The highest concentration level was observed for Cr, followed by As, Cd, and Pb. The distribution of metal elements was significantly different. The present study suggested that the source of metal contamination in the Meghna River estuary was the anthropogenic and natural origins. Also, the physicochemical features, like temperature, pH, DO, hardness, ammonia, and salinity of the water samples represented significant variance along the study area. The attribution of metal contamination to adult and children was concerned for ingestion and dermal pathways. People taken up more Cr than any other metal through the ingestion route; on the contrary, As was taken through dermal pathway at a high extent. The results showed that the adults were exposed to more non-carcinogenic impact than the children.
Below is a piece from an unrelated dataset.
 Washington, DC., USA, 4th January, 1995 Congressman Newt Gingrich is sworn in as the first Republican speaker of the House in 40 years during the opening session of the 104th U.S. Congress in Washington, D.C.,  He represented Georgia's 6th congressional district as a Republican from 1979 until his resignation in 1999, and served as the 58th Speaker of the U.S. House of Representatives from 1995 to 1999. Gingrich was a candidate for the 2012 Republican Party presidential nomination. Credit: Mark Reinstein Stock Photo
However, values of HQ and HI of the considered local community were found less than unity (< 1). Therefore, people living near the study area would not experience the non-carcinogenic health risk. Based on the suggested guideline range of 10–6 to 10–4, the cancer risk (CR) levels from the study area were in the acceptable limit for lifetime exposure to the metal contents. However, the authors would like to recommendation to adopt proper inspection regarding the water quality deterioration through heavy metal intrusion to the Meghna River estuary due to the increasing states of the metal attribution from various anthropogenic activities.